**Data excerpt**
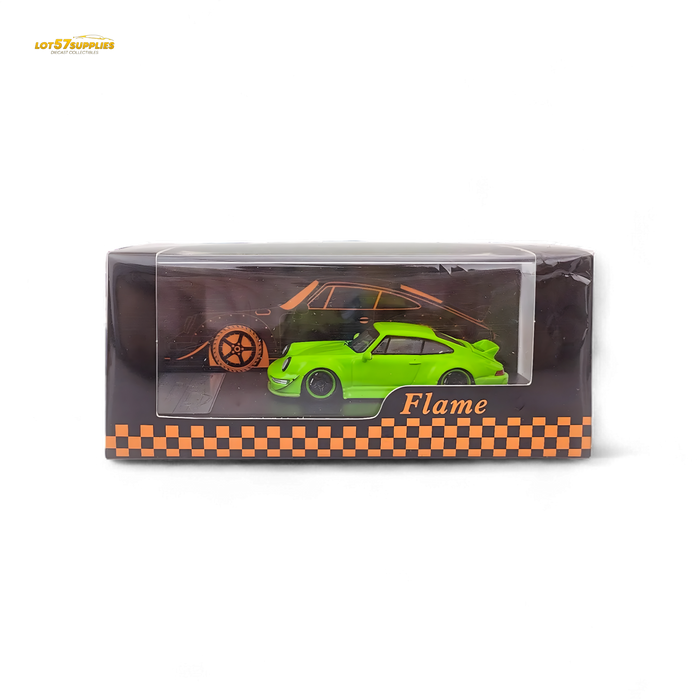 Flame Porsche 964 RWB Ducktail in Fluorescent Green 1:64 - for just $32.99! 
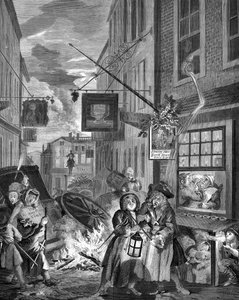夜 - ロンドン 作： William Hogarth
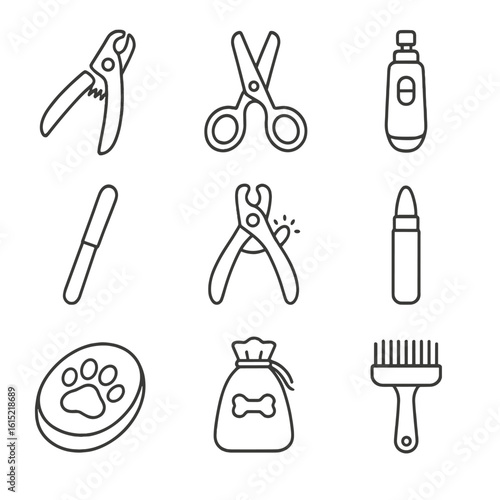 Nail Trimming Icons. Line style icons of Nail Trimming Station: guillotine clipper, scissor clipper, rotary grinder, nail file,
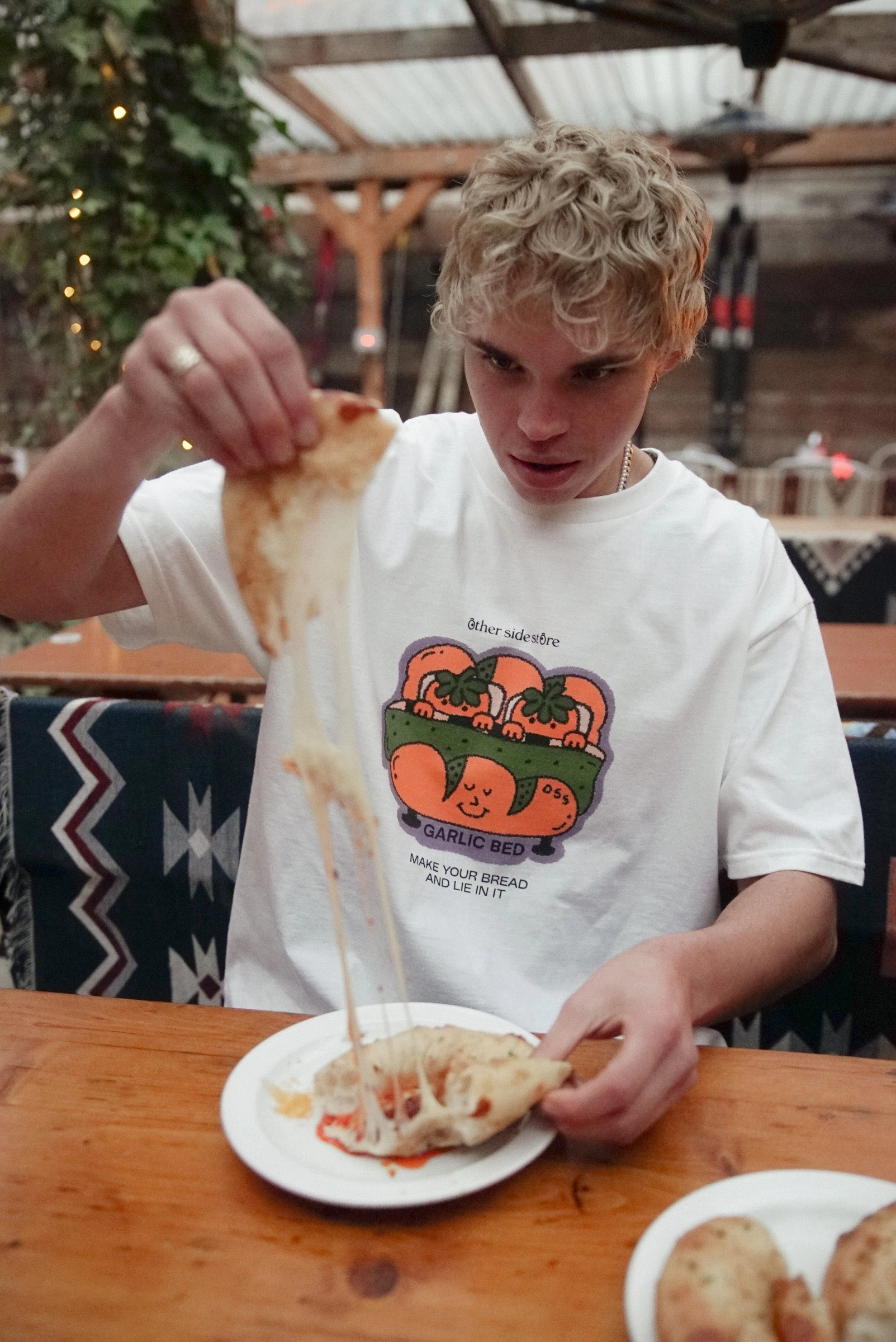 Other Side Store 'Garlic Bed' Tee - White Stylish Layering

**Task item**
Output a faithful copy of the data, with each picture left out.

**Answer space**
 Flame Porsche 964 RWB Ducktail in Fluorescent Green 1:64 - for just $32.99! 
夜 - ロンドン 作： William Hogarth
 Nail Trimming Icons. Line style icons of Nail Trimming Station: guillotine clipper, scissor clipper, rotary grinder, nail file,
 Other Side Store 'Garlic Bed' Tee - White Stylish Layering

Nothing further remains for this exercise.